A LITTLE RAY OF SUNSHINE is the story of two mothers—Harlow Smith, who, at seventeen, placed her newborn for adoption; and Monica Patel, the woman who adopted Matthew and raised him. When Matthew chooses Cape Cod for the family vacation, he has a little surprise in store…he’s going to meet his birth mother without a word to anyone beforehand. Surprise!
Adoption is a complex, multilayered, lifelong emotional experience. Like a lot of people without firsthand knowledge, I had a somewhat rosy picture of adoption. How wonderful! A baby is coming into someone’s family, a family who desperately wants this child and can provide security and love! How lucky these parents are to have hit the baby lottery! How lucky the baby is! How heroic the birth mother must be, letting her baby go to parents who are more equipped for parenthood than she is.
That’s a pretty naïve take, isn’t it? Hopefully, there’s often truth in those blanket statements, but nothing in life—especially humans—is that simple.

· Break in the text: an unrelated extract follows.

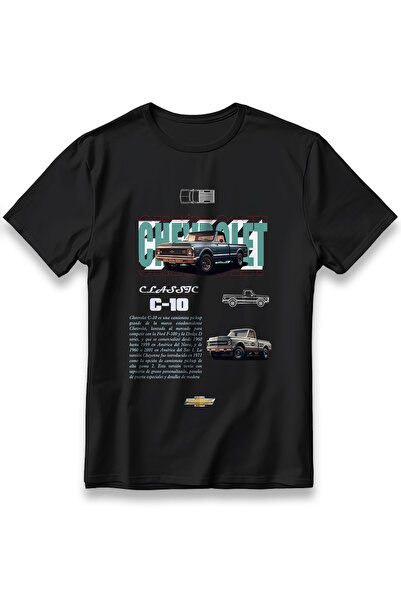 EZG Business Μπλουζάκι CHEVROLET Classic C10 Unisex 100% Βαμβακερό Άνετο Μπλο...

In order to give an accurate portrayal of adoption from all viewpoints—adoptee, birth mother; adoptive mother; extended families—I realized I had a lot to learn. I list my resources in the acknowledgments of the book, but one of the most compelling sources was the podcast Adoption: the Making of Me with hosts Sarah Reinhardt and Louise Brown. Sarah and Louise are friends, both adopted, and on their podcast, discuss books about adoption, interview adoptees on their show and talk about the many layers of the adoption experience. They’re warm and funny and honest, and were were kind enough to sit down with me and chat. What follows are the highlights of our wonderful conversation.

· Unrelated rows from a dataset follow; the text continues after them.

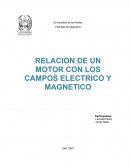 RELACION DE UN MOTOR CON LOS CAMPOS ELECTRICO Y MAGNETICO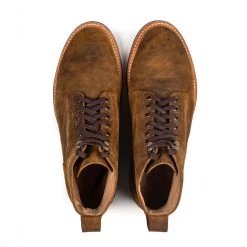 The Trench Boot In Golden Brown Waxed Suede 15 The Trench Boot In Golden Brown Waxed Suede -Fashion Clothes instock m q422 Trench GoldenBrownSuede 001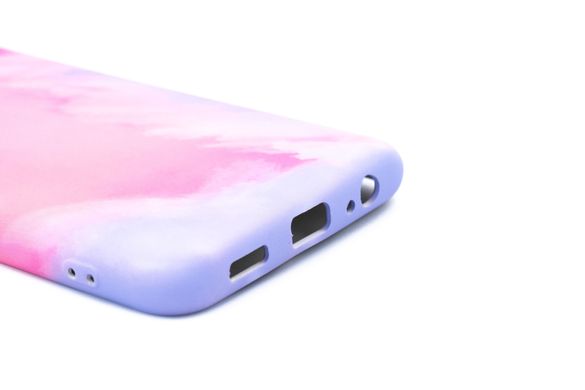 Силиконовый чехол WAVE Watercolor для Xiaomi Redmi Note 9T (TPU) pink/purple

Kristan: Thank you, ladies for joining me today! I would love to have you introduce yourselves and your podcast.
Sarah: Sure! I'm Sarah Reinhardt, the cohost of Adoption: The Making of Me. I’m here with my beautiful friend, Louise. We are baby scoop* adoptees; I was given up for adoption, not because my birth mother wanted to give me up, but because it was kind of a forced adoption.
Louise: And I'm Louise Browne, here with the beautiful Sarah Reinhardt, my cohost and friend. I'm also a baby scoop adoptee. That’s the era from the late mid to late 40s up until Roe v. Wade. My biological mother did choose to put me up for adoption, but I say that loosely because she was young and had no means. There weren't a lot of other options in 1968. So here we are with our podcast, and thank you for having us!

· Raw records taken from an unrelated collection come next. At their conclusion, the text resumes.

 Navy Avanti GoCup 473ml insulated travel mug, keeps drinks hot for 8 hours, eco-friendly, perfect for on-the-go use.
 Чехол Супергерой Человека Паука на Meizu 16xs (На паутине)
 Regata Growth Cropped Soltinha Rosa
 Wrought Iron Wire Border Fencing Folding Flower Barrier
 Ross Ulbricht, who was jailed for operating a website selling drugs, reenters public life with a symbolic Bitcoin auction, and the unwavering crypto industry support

* From Wikipedia: “The Baby Scoop Era was a period in anglosphere history starting after the end of World War II and ending in the early 1970s,[1] characterized by an increasing rate of pre-marital pregnancies over the preceding period, along with a higher rate of newborn adoption.”
Kristan: A LITTLE RAY OF SUNSHINE centers around a birth mother who, as a 17-year-old college freshman, puts her baby up for adoption, or “places” her baby for adoption. I thought, “Wouldn't it be fun for her to meet her son unexpectedly?” So he tracks her down when he’s almost 18… just walks into her place of work, a bookstore on Cape Cod. She instantly knows who he is—it's like an electric jolt to her system. He’s looking at her a little funny and she looks at him and she just knows.
Back when she was pregnant, Harlow felt she couldn't raise him, or maybe shouldn't raise him, with the limited resources available to a 17-year-old girl. Even though her parents might have helped, she thought it was in the baby's best interest to go to a home where he would be raised by two adults and not worn-out parents (she’s the oldest of five) and a teenage mother (her).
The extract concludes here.